The member countries of OPEC+ group could be close to breaking up, according to Per Lekander, a managing partner of the Clean Energy Transition investment group Speaking to “Street Signs Europe” on CNBC, Ledanker has said that he believes this could send oil prices down to $35 per barrel.
The OPEC+ group comprises the 13 members of OPEC plus 10 other oil-producing countries that came together in 2016 to control production levels. Together they account for 40% of the world’s crude oil production, with the remainder being produced in places like the US by companies such as ExxonMobil, the maker of the Mobil lubricant range.
Lekander believes that with cooperation among OPEC+ starting to falter and the demand for crude oil growing sluggishly, the coalition could break down. He said about this:
“The more negative growth [there] is, and the less cooperation you have—and remember the last OPEC decision, it was really the Saudis doing it on their own—so I would say, if my forecast is correct, and I’m very sure it is, it is going to break.”
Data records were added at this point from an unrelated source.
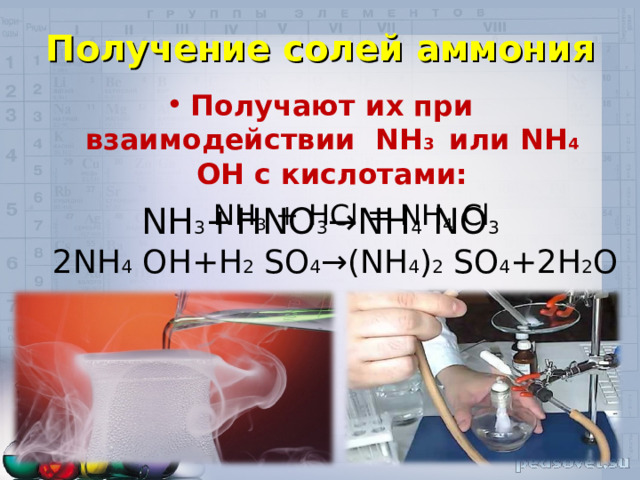 Получение солей аммония Получают их при взаимодействии NH 3 или NH 4 OH с кислотами:  NH 3 + HCl = NH 4 Сl  NH 3 + HNO 3 → NH 4  NO 3  2 NH 4  OH + H 2  SO 4 →( NH 4 ) 2  SO 4 +2Н 2 O 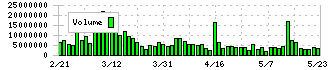 カバー(5253)の出来高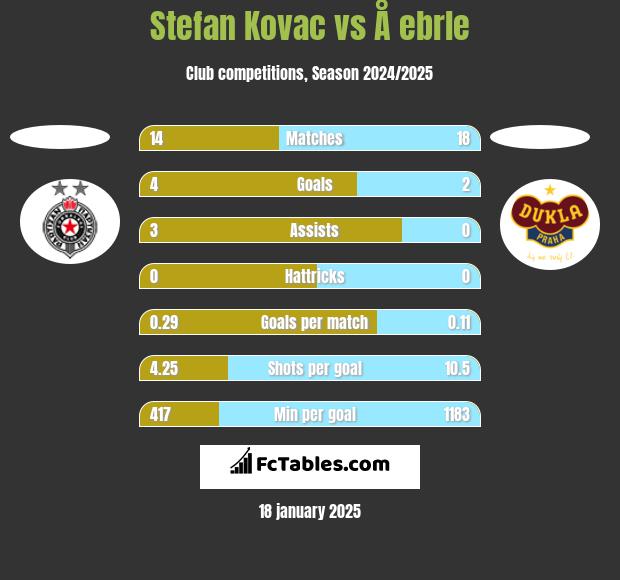 Stefan Kovac vs Å ebrle h2h player stats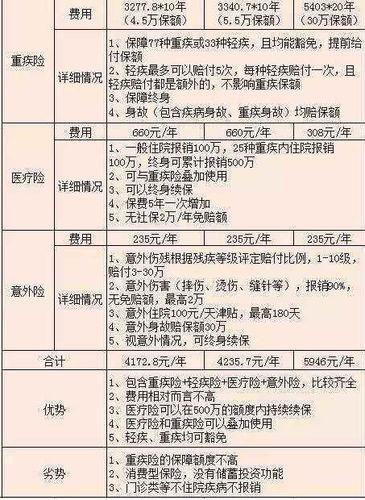 保险怎么退保最划算？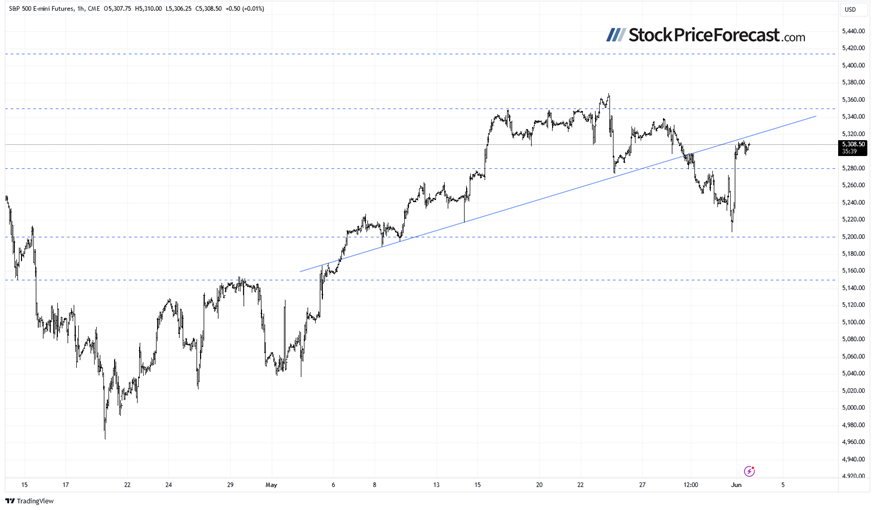 Will a new record follow Friday’s rebound?(图5)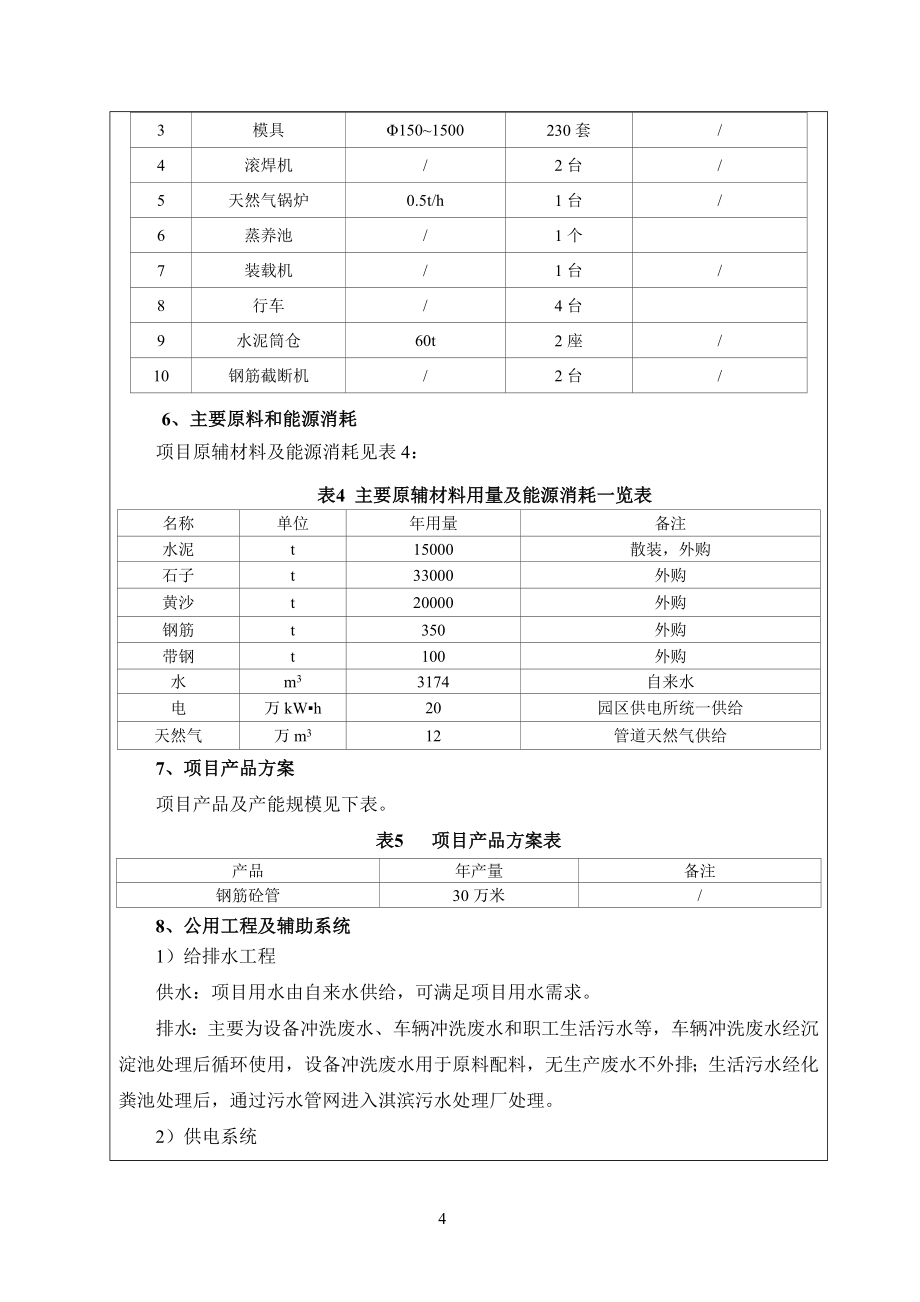 鹤壁市开发区天铭水泥管道厂年产30万米钢筋砼管项目环境影响报告.doc_第4页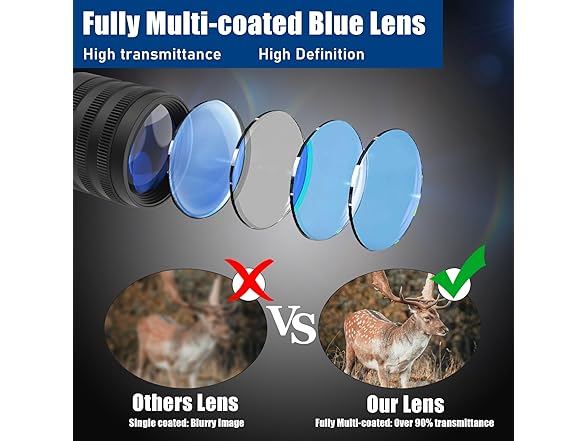 UUQ 4-16X44AO Rifle Scope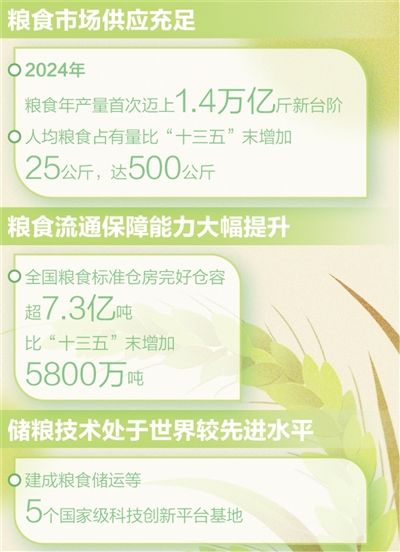 国家粮食安全得到有效保障(权威发布·高质量完成“十四五”规划)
He said that the price of oil has been kept artificially high since 1974, other than some periods when an abundance of supply made it impossible to elevate prices. Lekander believes that once OPEC+ can no longer function as a cartel, prices will drop to $35 per barrel before stabilising at $45 in the medium term. For its part, OPEC+ usually insists its interventions are aimed at balancing global inventories rather than trying to achieve a specific price.